In a relatively quiet environment (e.g., an environment with noises below the predetermined threshold), V_c is usually relatively small and may cause the forward voltage across one of the diodes 50 from the diode pair 48 to be smaller than V_on. Under this condition, V_s will become V_so as in equation 2. Using predetermined values for Z_s, Z_c, and R_o, the voltage to the speaker 14 can be controlled such that the user may hear sounds from the speaker 14 at a desired level. For example, speech from another person that is captured by the external microphones 22 may be heard comfortably by the user. It is noted that the source impedance Z_c may be harder to adjust than Z_s and R_o since Z_c is the equivalent impedance for the combination of the microphone 22 and the amplifier 44. But, the value for V_c may be controlled by adjusting the amplifier 44, thereby changing the performance of the circuit 32 based on the input voltage. Therefore, the effect of Z_c on the performance of the circuit 32 may be ignored by controlling the value for V_c. Also, if the resistor 46 is variable, then the user may adjust the performance of the circuit 32 by effectively adjusting the values of V_so and V_sc, thereby controlling the loudness of the speaker 14.

Equations 1 and 2 show that the circuit diagram in FIG. 2 may provide the desired nonlinearity for controlling the loudness of sound to be played by the speakers 14 during “normal” and “high level” ambient noise. An exemplary suitable diode for use in the diode pair 48 is model number DFLS120L available from DIODES Incorporated of Westlake Village, Calif. Another exemplary diode is model number STPS40L15CWPBF available from Vishay Intertechnology, Inc. of Malvern, Pa.

III(c). Experiments

Experiments were conducted to verify the operation of the disclosed ambient sound control techniques.
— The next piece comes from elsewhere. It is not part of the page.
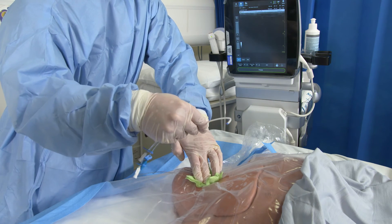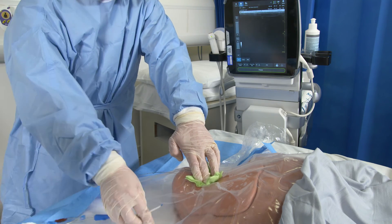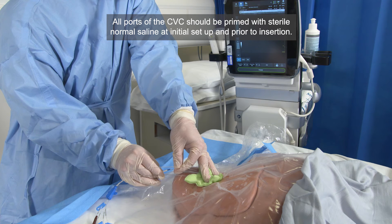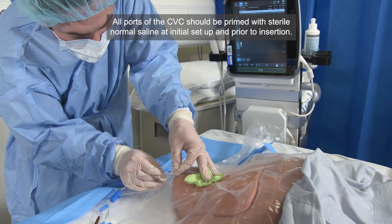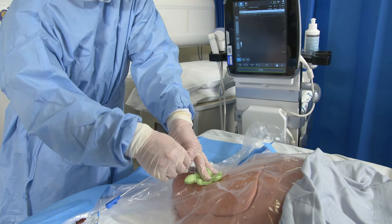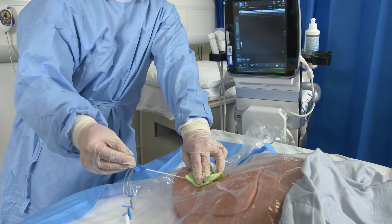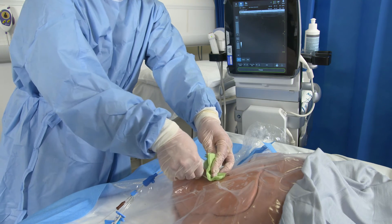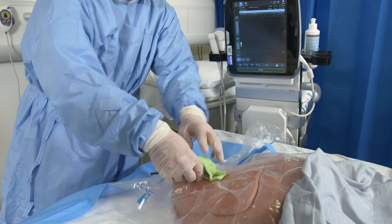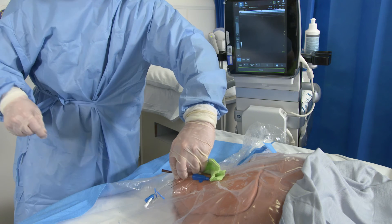Once this is done, you're ready to insert your line over the wire. Ensure that the longest lumen is unclamped and, using a similar technique to previous, insert the line over the guide wire. Ensure that the guide wire is free out of the line. Advance the line into the vein and finally remove the guide wire and clamp the lumen.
III(c)(i). Sinusoid Voltage Source

In a first experiment, the voltage across the diode pair 48 and the voltage across the speaker (or V_s) are measured for different amplitude levels of a sinusoidal voltage source (or V_c). The experiment uses the nonlinear circuit arrangement as shown in FIG. 2. The voltage source V_c is a 1 kHz sine wave generated by a signal generator. The source impedance Z_c is about 50 ohms (Ω), and can be ignored for purposes of obtaining experimental results. The resistor 46 during the experiment is a 1 kΩ resistor. The diodes 50 are model number DFLS120L as described above and the speaker is model number BK26824 as described above.

Table 1 shows the peak-to-peak voltage (V_pp) of the 1 kHz sine wave generated by the signal generator, and the corresponding measured V_pp across the diode pair 48. The results show the voltage across the diode pair 48 does not increase linearly with respect to the amplitude of the voltage source V_c. For example, when V_pp of V_c is at 0.4 V, V_pp across the diode pair 48 is 0.212 V; and when V_pp of V_c is at 5.0 V, V_pp across the diode pair 48 is 0.408 V.

TABLE 1
Vpp of Vc (Volts)	0.2	0.3	0.4	0.5	1.0	2.0	5.0	10.0	20.0
Vpp across	0.142	0.184	0.212	0.232	0.286	0.344	0.408	0.472	0.556
diode pair
(Volts)

The results show that when the amplitude of the voltage across the diode pair 48 (i.e., half of V_pp) is more than the forward voltage threshold V_on (i.e., about 0.2 V for the diode model used), one of the diodes 50 of the diode pair 48 will behave like a closed, or short, circuit and the voltage across the diode will be clamped. The voltage across the diode pair 48 will be held to about V_on, even when the amplitude of V_c is increased. Therefore, the overall results shown that the voltage across the diode pair 48 will be clamped to about V_on when the forward voltage of either of the diodes 50 is more than V_on.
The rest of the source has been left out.